Isso representa uma diferença acima de 60%, incluindo os dados da Raia Drogasil. Sem levar em consideração os números da principal varejista do mercado de farmácias no Brasil, essa diferença cai para 6%.
“Essa diferença sugere que entrar no varejo farmacêutico pode representar uma oportunidade para os supermercados aumentarem sua produtividade e até mesmo capturar margens maiores”, diz o documento assinado pelos analistas Luiz Guanais, Yan Cesquim e Pedro Lima.
Pela proposta do projeto de lei, será possível a instalação de farmácias completas dentro do espaço do mercado, seja por meio de marcas próprias, que poderiam ser criadas, e que podem, na prática, representar uma nova unidade de negócios, ou por meio de parcerias com redes já existentes.
Mas, para isso, é necessário que todas as condições para sejam atendidas, como registro da empresa, padrões de infraestrutura, rastreabilidade, controle de temperatura de medicamentos, além da supervisão de um farmacêutica, como já acontece atualmente nas mais de 94 mil farmácias e drogarias no País.

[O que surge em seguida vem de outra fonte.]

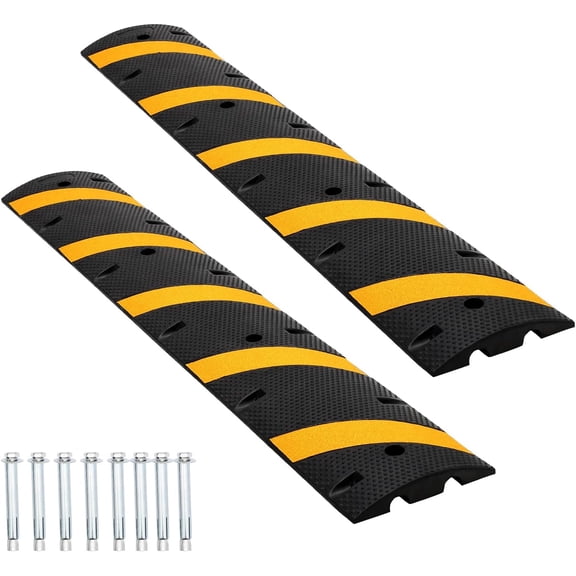 2 Pack 6 Ft Speed Bump 25000 lbs Capacity 72 In Reflective Rubber Ramp for Parking Lot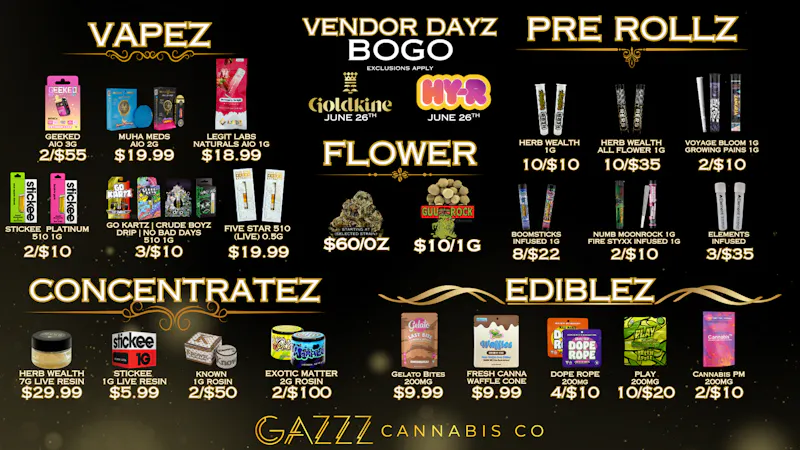 GAZZZ Cannabis Co $60/oz select deli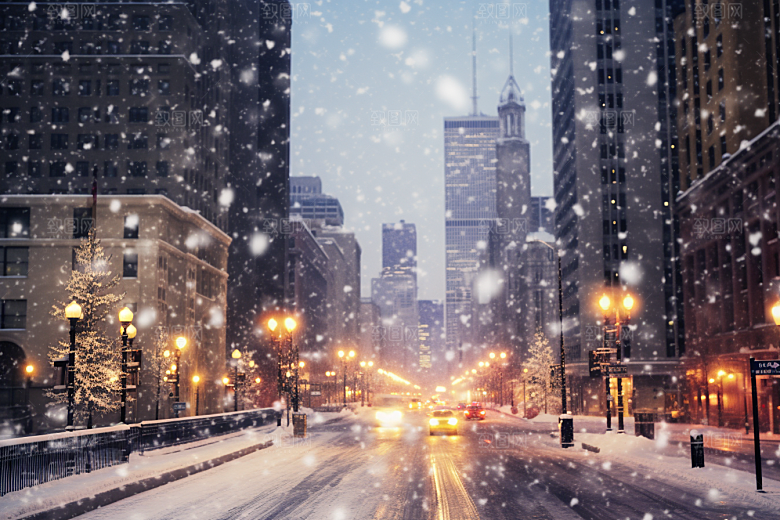 城市雪景雪夜安静原画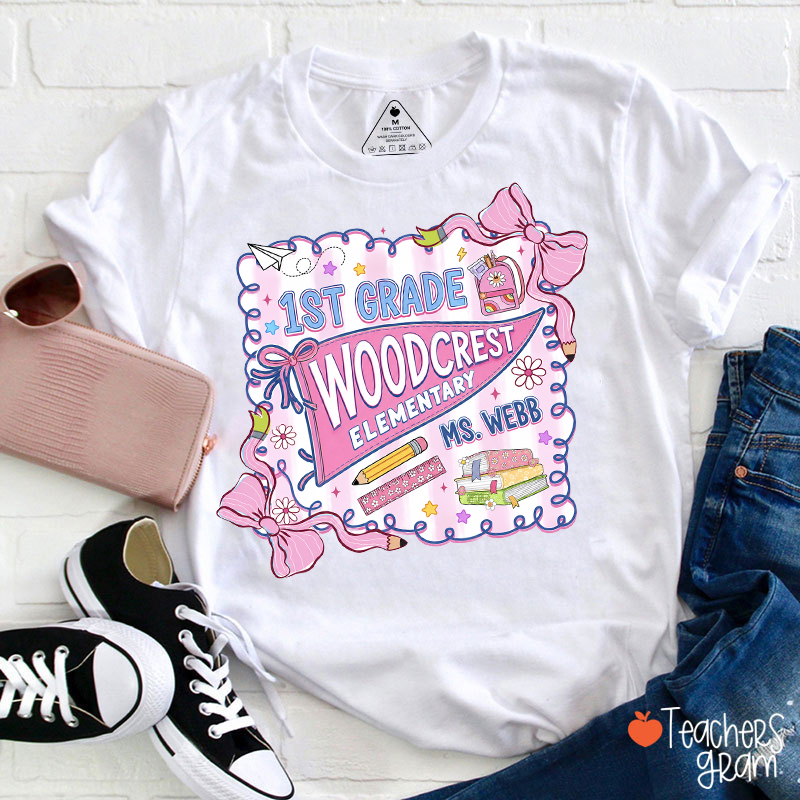 Personalized Grade School Name Bow Stationery Teacher T‑Shirt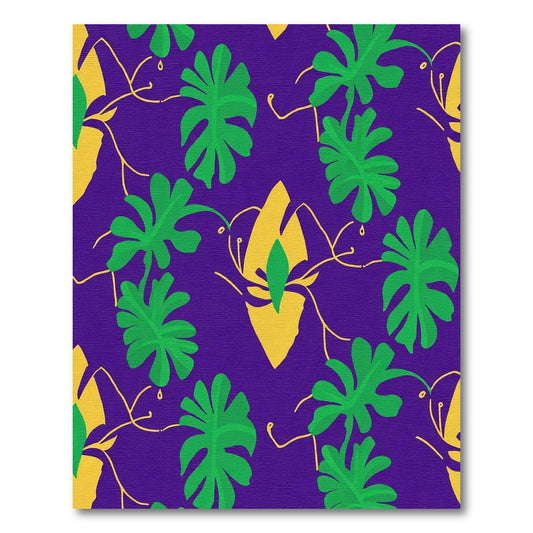 Vibrant Green Tropical Leaf Vine Rug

Apesar de o Ministério da Saúde ainda não ter dado aval definitivo ao projeto, o consenso é que há grandes chances de que a medida seja aprovada ainda em 2025. A perspectiva é de que o relator do projeto, o ex-ministro da Saúde, Humberto Costa (PT-PE), apresente o documento para votação na Comissão de Assuntos Sociais no Senado nas próximas semanas, em um dos primeiros encontros após o fim do recesso parlamentar.
Há posicionamentos públicos contrários à medida, como do Conselho Federal de Farmácia (CFF), que diz que a medida prioriza apenas a arrecadação por parte dos estabelecimentos comerciais e da indústria de medicamentos, em possível prejuízo à saúde pública. A Abrafarma também tem se mostrado contrário, enquanto a medida é amplamente defendida pela Associação Brasileira de Supermercados (Abras).
De certa forma, já há alguma conexão entre farmácias e redes supermercadistas - ainda que de forma indireta. Dados da Abras mostram que 23% das drogarias já existentes no País operam em área anexa aos mercados, especialmente o grupo Carrefour, que possui uma rede farmacêutica com o mesmo nome (nenhuma delas dentro da unidade física).
Mas há um ponto importante na efetiva implementação dessa medida, caso seja mesmo aprovada, que é o custo. A estimativa de capex para instalação de uma unidade farmacêutica completa dentro de um supermercado gira entre R$ 1,5 milhão e R$ 2 milhões. Isso significa que, dado o volume de investimento, a implementação deve se restringir às principais redes varejistas do Brasil.
Nas associadas da Abras, o volume de farmácias associadas chega a 21%, o que significa que ainda há um espaço de quase 80% para ampliação da medida. Com 424 mil lojas no País, o varejo alimentar brasileiro faturou R$ 1 trilhão em 2024, o que representa 9,12% de participação no Produto Interno Bruto (PIB).
Segundo a Abras, as 30 maiores redes contam hoje com 4,4 mil lojas. Se 80% dessas lojas adicionarem farmácias completas, a capacidade do setor poderia aumentar 3,7%. “Se essa taxa fosse aplicada às 300 maiores redes, o crescimento poderia chegar a 8%”, afirma o BTG.
Segundo o relatório, a tendência da aprovação da medida desenha um cenário mais favorável à rede Assaí do que para a Raia Drogasil. “Mantemos uma visão cautelosa sobre Raia Drogasil no curto prazo, enquanto ações como Assaí e Grupo Mateus podem continuar a se beneficiar do sentimento positivo à medida que a narrativa de expansão avança”, dizem os analistas.
No acumulado de 2025, as ações da rede farmacêutica acumulam desvalorização de 37%, enquanto os papéis de Assaí Atacadista registram alta de 76,8% no mesmo período na B3.
O market cap de Raia Drogasil é de R$ 23,4 bilhões, enquanto a rede Assaí vale R$ 13 bilhões.